Bench led a host of All-Stars and future Hall of Famers like Pete Rose, Dave Concepcion, Ken Griffey, Tony Perez, Joe Morgan and George Foster during the 1970s, helping the Reds reach the World Series four times (1970, 1972, 1975, 1976). The potent, well-oiled offense of Cincinnati earned the moniker "Big Red Machine" and could beat you with power or manufacture runs. The Reds beat the Boston Red Sox four-games-to-three in what is considered one of the greatest World Series in history and then repeated as champions in 1976, sweeping the New York Yankees. The 14-time MLB All-Star was named the 1976 World Series MVP after batting .533 with two homers and six RBI in four games.

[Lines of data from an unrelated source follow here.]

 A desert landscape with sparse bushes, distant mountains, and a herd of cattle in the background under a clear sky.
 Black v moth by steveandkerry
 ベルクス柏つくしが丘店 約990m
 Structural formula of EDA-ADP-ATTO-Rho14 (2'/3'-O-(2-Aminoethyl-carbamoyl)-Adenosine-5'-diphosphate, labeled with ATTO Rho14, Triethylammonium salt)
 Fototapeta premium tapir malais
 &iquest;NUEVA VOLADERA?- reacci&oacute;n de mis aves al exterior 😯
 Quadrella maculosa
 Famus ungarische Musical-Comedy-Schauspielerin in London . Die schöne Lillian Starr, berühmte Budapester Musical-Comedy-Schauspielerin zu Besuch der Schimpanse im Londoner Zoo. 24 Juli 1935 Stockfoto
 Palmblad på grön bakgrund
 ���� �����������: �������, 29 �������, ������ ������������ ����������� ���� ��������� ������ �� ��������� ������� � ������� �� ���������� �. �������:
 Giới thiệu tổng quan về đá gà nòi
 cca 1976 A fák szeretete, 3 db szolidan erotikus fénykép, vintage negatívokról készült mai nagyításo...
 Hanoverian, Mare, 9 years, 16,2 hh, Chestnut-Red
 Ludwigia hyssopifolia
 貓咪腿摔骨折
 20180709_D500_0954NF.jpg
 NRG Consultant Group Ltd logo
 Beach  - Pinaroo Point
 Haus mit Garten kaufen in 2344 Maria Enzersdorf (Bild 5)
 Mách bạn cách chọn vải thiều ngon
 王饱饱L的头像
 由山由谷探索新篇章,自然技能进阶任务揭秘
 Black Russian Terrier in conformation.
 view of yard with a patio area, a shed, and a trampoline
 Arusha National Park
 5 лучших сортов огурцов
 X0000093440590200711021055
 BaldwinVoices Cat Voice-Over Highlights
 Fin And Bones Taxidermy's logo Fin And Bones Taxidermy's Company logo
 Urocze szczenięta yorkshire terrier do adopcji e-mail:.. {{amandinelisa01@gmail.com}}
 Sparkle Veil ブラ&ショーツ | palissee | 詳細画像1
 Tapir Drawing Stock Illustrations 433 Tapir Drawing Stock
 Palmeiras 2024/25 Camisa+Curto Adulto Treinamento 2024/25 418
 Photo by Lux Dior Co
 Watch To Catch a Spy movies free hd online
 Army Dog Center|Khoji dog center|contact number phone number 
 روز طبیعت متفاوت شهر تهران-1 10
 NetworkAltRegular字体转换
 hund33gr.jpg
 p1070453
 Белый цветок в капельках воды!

Johnny Bench was the Cincinnati Reds catcher for 17 seasons (1967-1983) and was formidable hitter at the plate as he posted a .267 career batting average with 389 home runs and 1,376 RBI. Bench also finished his career with a .990 fielding percentage behind the plate, winning 10 Gold Gloves, and gunning down 44% of the would-be base stealers. Johnny Bench popularized the one-handed style of catching that is commonplace in the game today. Johnny Lee Bench was elected to the National Baseball Hall of Fame in 1989. Since retiring, Bench has remained active in sports even attempting a run at the Senior PGA Tour after turning fifty. The Sporting News ranked him #16 on the "100 Greatest Baseball Players" list.
Atanasio “Tony” Perez Rigal (May 14, 1942-) was the run-producing corner infielder for the Cincinnati Reds’ Big Red Machine that went to four World Series in a 7year span (1970-1976), winning back-to-back titles in 1975 and 1976. Perez played 23 seasons for the Reds (1964-1976, 1984-1986), Expos (1977-1979), Red Sox (1980-1982) and Phillies (1983). After winning the Pacific Coast League MVP Award, Perez was promoted to the promoted to the Reds club for the stretch run in 1964. A seven-time All-Star selection, Perez is often remembered for his 15th inning home run in the 1967 All-Star game off Catfish Hunter to win the game, thereby garnering the game’s Most Valuable Player Award. Tony topped the 100-RBI mark for seven times in his career, and averaged 96 over the course of his 23 seasons in the big leagues. Tony Perez retired with 2,732 hits, 1,272 runs, 1,652 RBI, 379 home runs and a .279 career batting average. Atanasio “Tony” Perez Rigel was elected to the National Baseball Hall of Fame in 2000.